There’s this tendency people have to compare themselves to others. “That bottom can take more pain than I can.” or “I know more about rope than that guy!” But the truth is, all water mixes together. Comparison for the purpose of establishing authority, or for vanity’s sake is a useless endeavor. When you play with others your water mixes with theirs, and the scene you create is unique because of it.
Letting your water mix with that of others creates flow, bonding you together. Isn’t that what a good scene is really all about? Connecting, sharing sensation, pleasure, and emotion make playing with others sublime.
Water can serve as a negative example, too. Still or calm waters are clear, and easy to see through. Consider rapids though. Water crashes and tumbles over rocks, becoming frothy and agitated. Such water is impossible to see through, and to fight. Instead of moving in one direction, it slops around like crazy, spilling and hissing over the shore, making a muddy mess.
We’re just the same when we strive. Instead of moving with our play partners, melding our kinks with theirs, we struggle to exert control, push the scene in uncomfortable directions. Ever get a spanking, without a warm-up, on a day you were tired and not really up to play? That’s the kind of striving I’m talking about. No matter how much you want it to feel good, sometimes it just doesn’t.
That’s not to say that you can’t learn new things, and grow in new directions. Actually, if you act like water, you’re infinitely capable of doing so. Water has no shape, but adapts itself to whatever container holds it. It seeps through cracks, gradually, seeking the lowest ground, quietly going wherever it can. It seeks new paths incessantly, tirelessly, without fail.
We can be that way too. By being open to new activities, interests, and fetishes we find our way to new places. If we put aside prejudices and ego about what we should do, we find that we can do all sorts of things.
I recently had a conversation with a friend who’s an extreme player, and gets beat black and blue all the time – but who is absolutely terrified of being infantilized, by being talked down to, or put in a diaper. I pointed out to her how strong she’d have to be to let that happen to her, and now she wants to try it.
Similarly, a friend of mine recently taught me fire play. He and I did a wonderful scene using rubbing alcohol and fire swabs to light up another bottom, an age player who doesn’t normally step outside of his diapered comfort zone. We dragged these lit fire swabs up and down his back, brushing and swatting the fires away with our hands. When we were done, the bottom told me how amazingly soothing, warm, and comforting it felt. It made me feel powerful to do it, and tapped into my own daddy-energy, because I wanted to do it with precision and care.
I remember thinking years ago how fire play was painful and scary and not for me. How silly of me. Lao-tzu has it right – we over think everything. Keep it simple.
There’s this other thing about water: it’s for everyone. There’s this phrase I’ve heard for years in the kink community, “Your Kink is OK”, or YKIOK for short. The unspoken part at the end of that sentence is, “even if it’s not my kink.”
That sort of peaceful coexistence has so many benefits.
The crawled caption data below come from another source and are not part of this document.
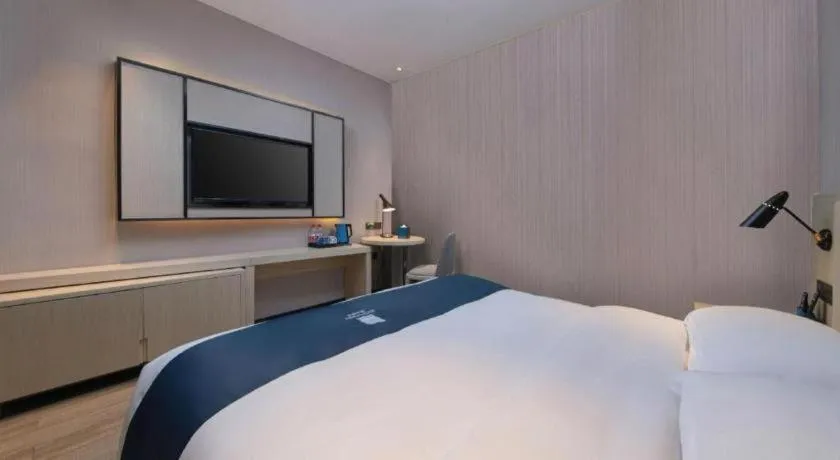 Bed in Echarm Hotel Hefei Binhu Exhibition Center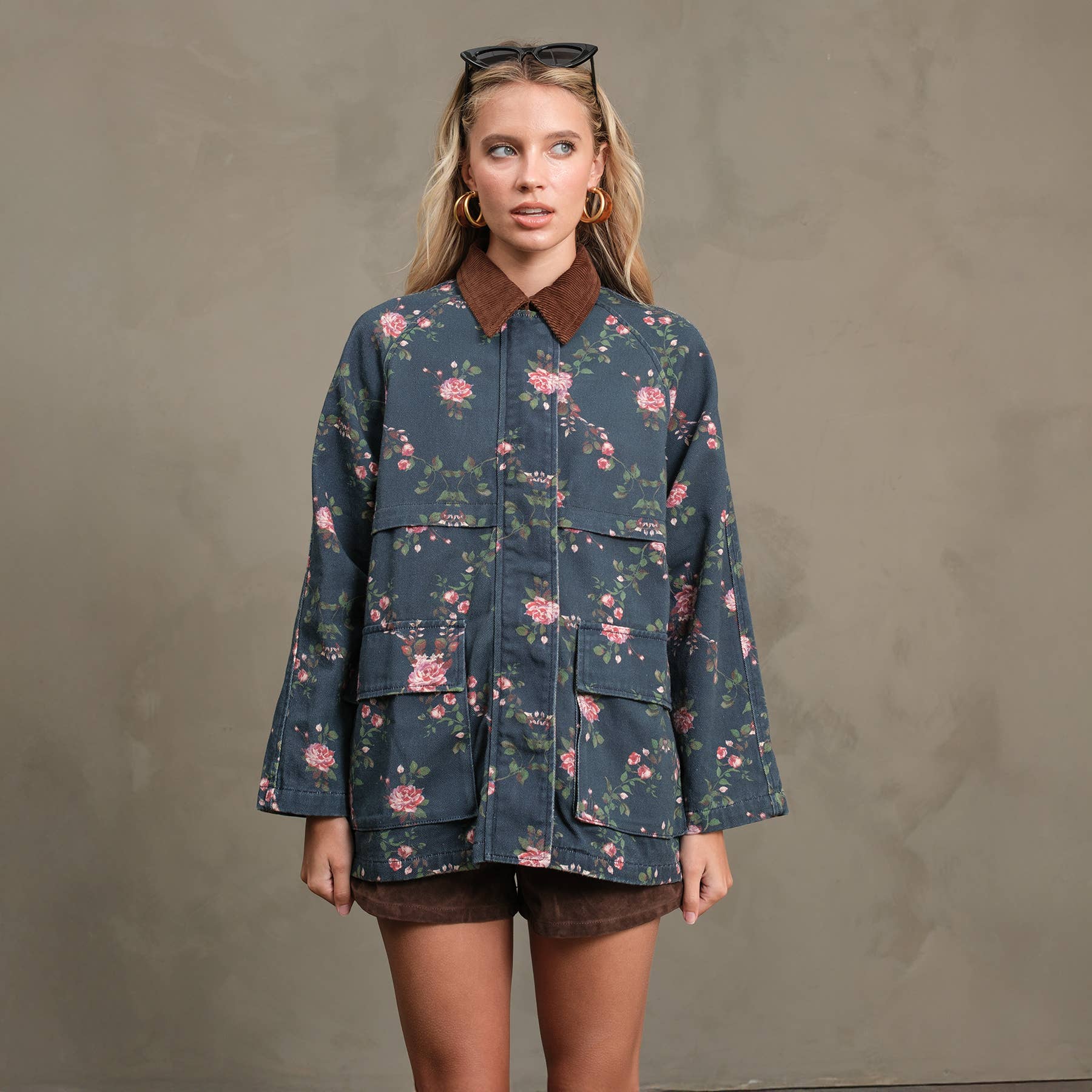 A woman poses against a plain background wearing the RAISONNEL Floral Printed Utility Jacket - RJ1073, featuring large front pockets and a brown collar, paired with brown shorts, gold hoop earrings, and sunglasses on her head.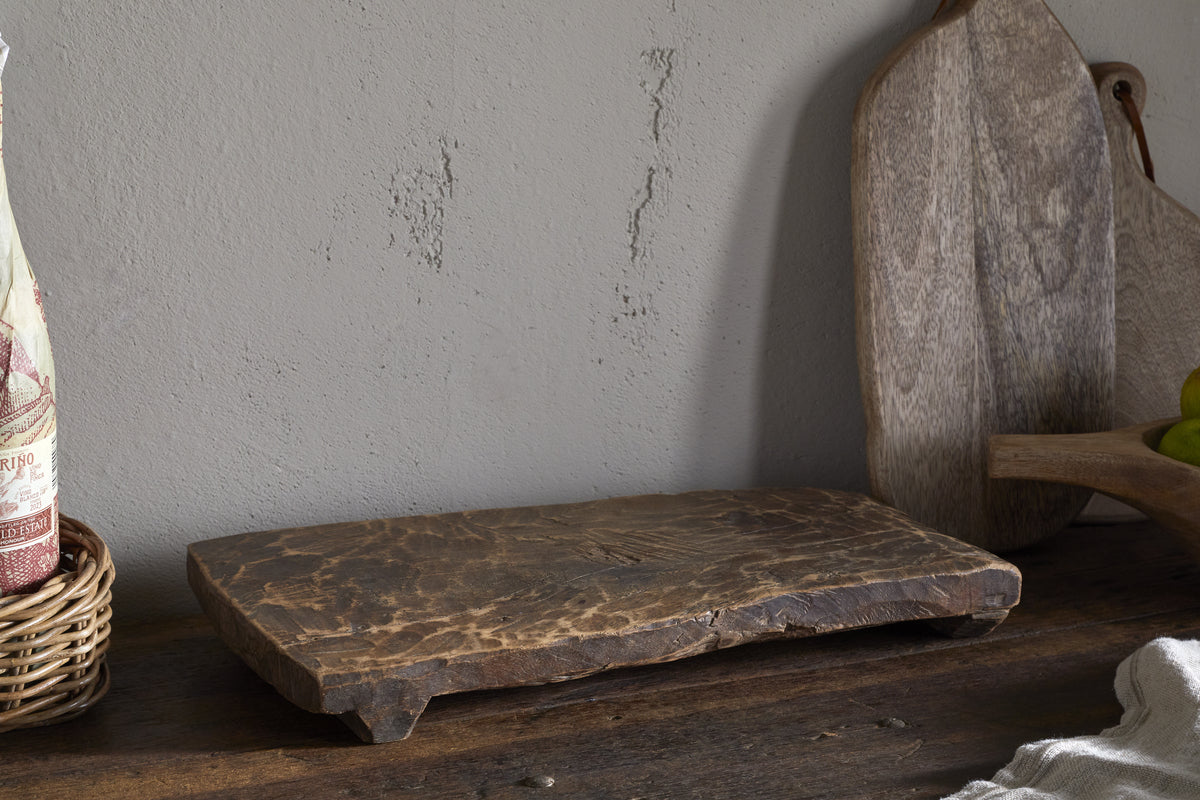 Kaveeta serving board styled with food on a table
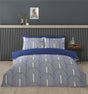 Luxurious Arches Duvet Set featuring a modern geometric pattern in calming ochre or blue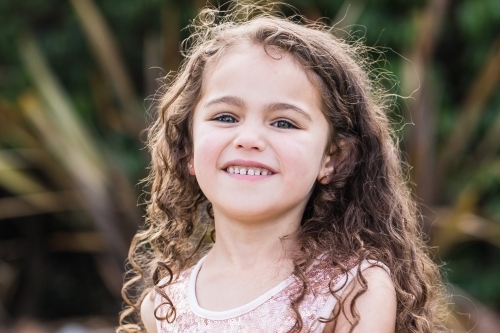 Young mixed race aboriginal caucasian girl smiling - Australian Stock Image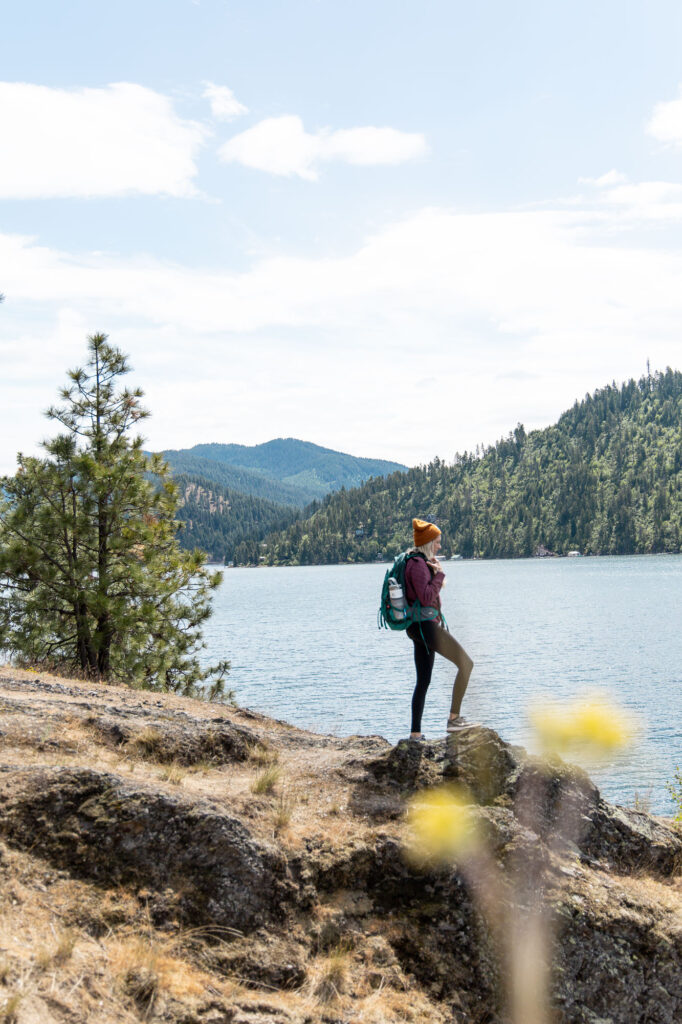 Girl in Idaho with her backpack and Stanley IceFlow water bottle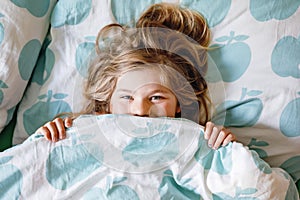 Cute little toddler girl sleeping in bed. Adorable preschool child dreaming, healthy sleep of children by day. Deep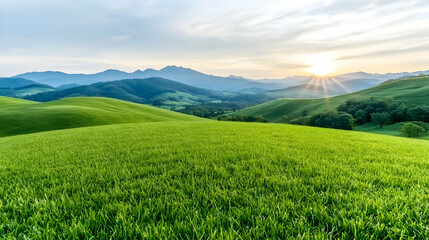 Obraz premium Sunrise over rolling green hills and mountains. Peaceful landscape for travel brochures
When you are tolerant of others’ interests and don’t dismiss them, you might find you actually enjoy them. Even if you don’t, your tolerance eliminates the need or desire to compare what you do with what they do. That’s a very big burden to throw off! You can play with others unafraid of being judged for what you like. You never know how or when that open-minded attitude will win you friends, advocates, and allies. I’ve seen this personally in my experience with people into pony play.
When I first went to Camp Crucible several years ago, I met more ponies than I ever had before. I didn’t know a lot about them at the time, but kept an open mind. I found that it was really easy to see them as the ponies they wanted to be seen as. I remember petting them, watching them train, and being praised by their trainers for being mindful, and well mannered around them.
This, I think, is the crucial thing. Even though I didn’t know about pony play, I came to it with an open mind, and an open heart. I embraced the joy it brought the ponies and their trainers.
Clearly, it showed. Without my having asked for it, the ponies and their trainers treated me like the big kid I felt like inside. They praised me for being gentle with the ponies, using an inside voice to talk to them, stroking and petting them gently, too. I, and my age play, was as much an unknown quantity to them, but they instinctively sought to see me in my entirety, to drink me in, like I was doing for them. My water mixed with theirs, and it was oh so sweet.